Today I finally finished Schindler’s List, but won’t do a review of it, since as I said earlier, I must be the only person on the planet who neither read the book nor saw the movie. I hope now to one day see the movie. The only thing I will say is that even Thomas Harris could never imagine a villain like Amon Goeth, the sadistic Commandant of the work camp in Cracow, Poland, where the story begins. He once saw two women through a window, a mother and daughter, peeling potatoes, and he thought they were doing so too slowly. So he leaned in through the window and shot them both dead. He shot and killed an orderly because he found a flea on one of his two dogs. He was the master of random cruelty, whereas the Reich itself was the master of plodding, relentless cruelty.
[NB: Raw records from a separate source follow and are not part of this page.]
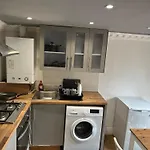 1 Bedroom Studio London S8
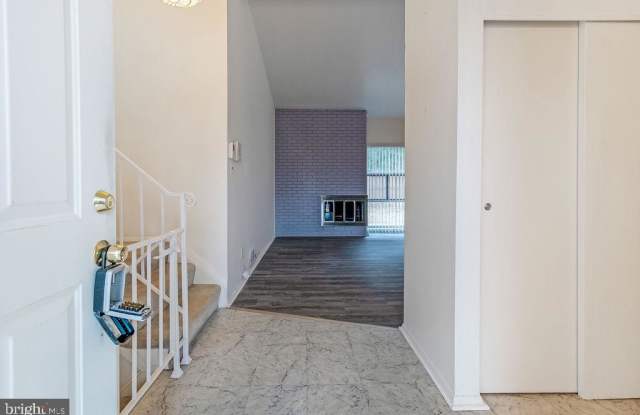 6804 SYLVALE COURT Gallery 3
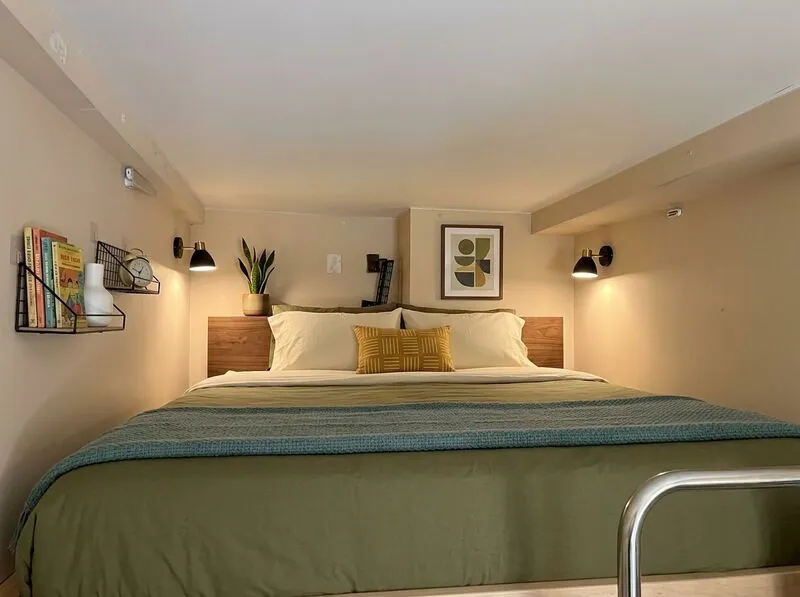 Midcentury modern Bedroom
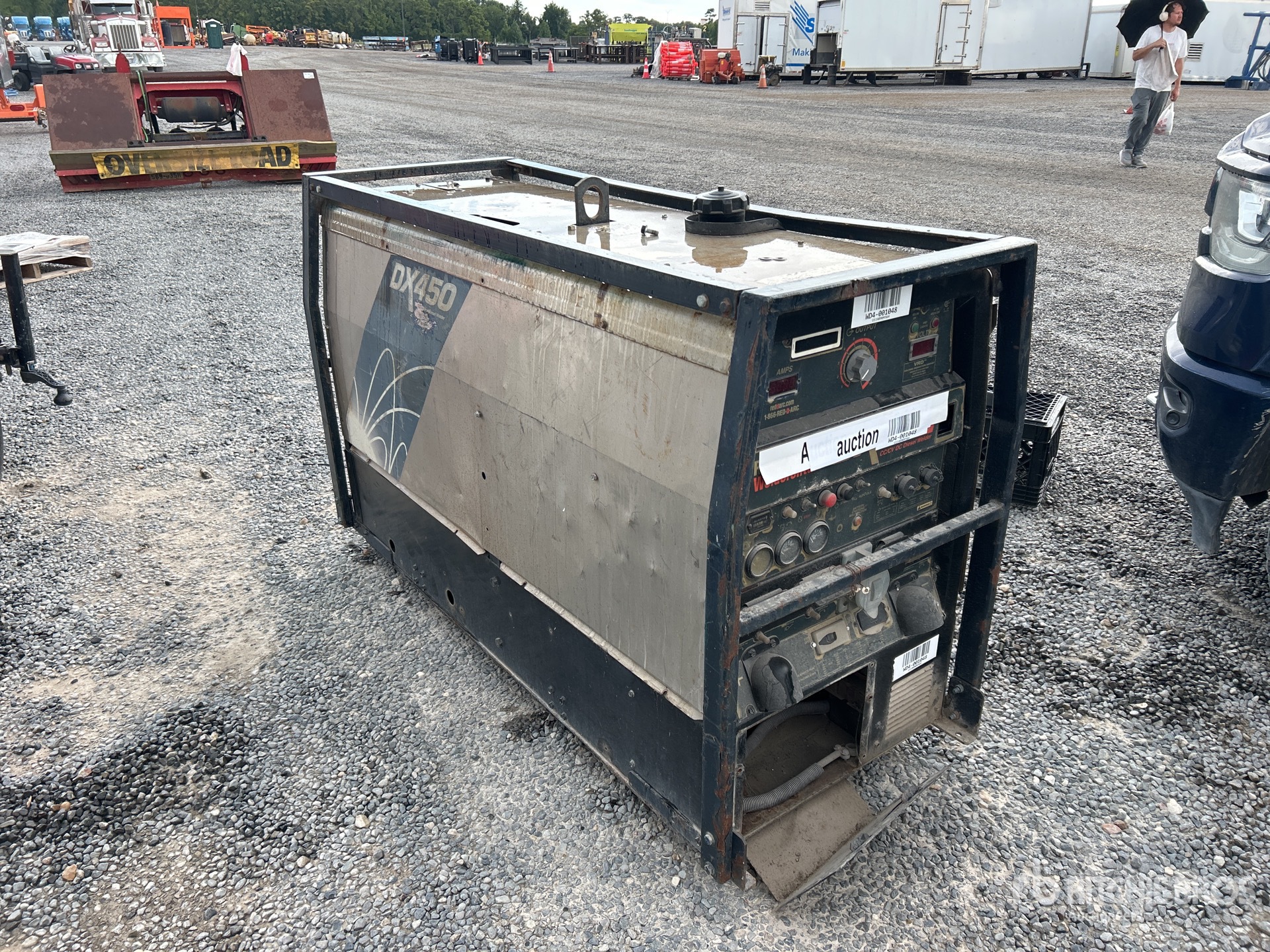 General Appearance with Picture, Right Front Corner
This week I went to the libary to choose my next books, and selected Robert Parker’s Brimstone, the third in his series of Westerns that began with Appaloosa, which was followed by Resolution. Hitch and Cole (lawmen for hire) are on the trail of Allie, who ran off with another man at the end of Resolution after stealing Cole’s heart.
Second I picked up a book, on the recommendation of ptfan1, by Lee Child. I believe this may be his latest, it’s called Nothing To Lose.
Third, I picked up a book called The Cure For Grief, by a first-time novelist. I very much like first novels. Sometimes you find that the novelist runs out of steam afterwards and never quite matches the brilliance of that first try. The description of its plot rather reminded me of something Anne Tyler might have written. Tyler’s The Accidental Tourist will probably always be on my Top Ten Books list. I really ought to make that list…
Finally, a Dana Stabenow crime novel called Whisper To The Blood. I’ve read many of Stabenow’s novels before. For the most part they take place in Alaska.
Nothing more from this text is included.